Der zweite Bereich, den OB und Landräte kritisieren, ist die finanzielle Situation. Einem Einbruch der Erlöse stehen immer weiter steigende Vorhaltekosten gegenüber. Die Ursache des Übels sehen die Vier bei den von der Politik geschaffenen Strukturen. Aufgrund dieser wirtschaftlichen Rahmenbedingungen weisen die Kliniken Jahr für Jahr „erhebliche negative Jahresergebnisse“ auf. Auch den Mitarbeitern sei es nicht mehr zu erklären, dass die Kliniken in eine „existenzbedrohende, negative wirtschaftliche Situation kommen“. Die Folge: Dringend erforderliche Investitionen in die Häuser seien nicht mehr abbildbar, energetische Maßnahmen beispielsweise nicht umsetzbar – obwohl dringend notwendig.

Keine Besserung in Sicht

Der dritte Punkt schließlich, der die Politiker durchaus frustriert, ist, dass keine Besserung in Sicht ist. „Der Ausblick unserer Kliniken und Krankenhäuser in das nächste Jahr lässt diese ratlos zurück.“ Es gebe keine verlässlichen Zusagen zu einer adäquaten Finanzierung. Weitere Eingriffe der Gesetzgebung seien nicht durchdacht, unklar und nicht geeignet für eine belastbare Planung. Der OB und die Landräte lassen in ihrem Brief kein gutes Haar an der Gesundheitspolitik des Bundes. Neueren Bestrebungen, die Nacht- und Wochenenddienste zu reduzieren, sprechen die Verantwortlichen in der Region schlicht die Praxistauglichkeit ab.

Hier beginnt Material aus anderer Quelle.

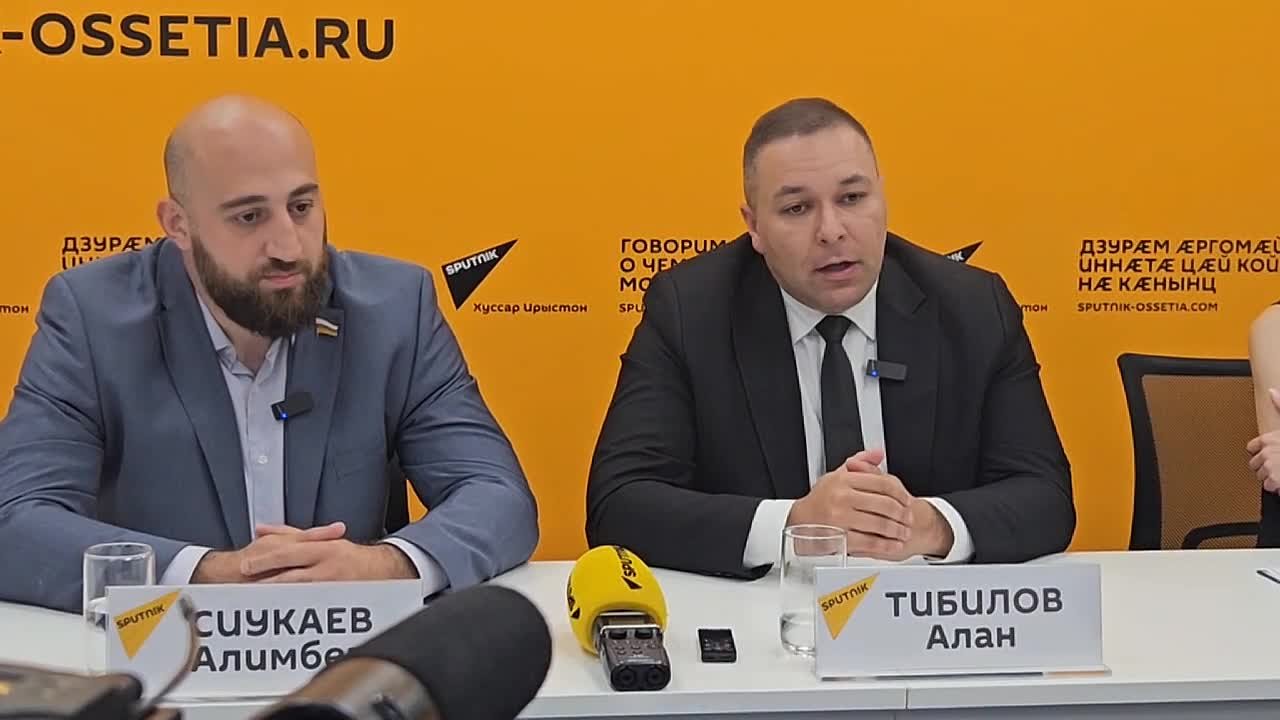 Молодежь Южной Осетии обучат подготовке грантовых проектов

Das Fazit am Ende des Brandbriefs ist wenig ermutigend. Denn letztlich unterstellen Scharpf und Co. dem Gesundheitsministerium, die Entwicklung zu beabsichtigen. Es verstärke sich der Eindruck, schreiben sie, „dass eine politische klare und zielgerichtete Ausrichtung der zukünftigen Patientenversorgung unterbleibt und die strukturellen Defizite bewusst in Kauf genommen werden.“

Fett gedruckt und unterstrichen schließt der Brief an Gesundheitsminister Karl Lauterbach mit den Worten, dass dies „für uns als Träger unserer lebensnotwendigen Einrichtungen“ nicht hinnehmbar sei.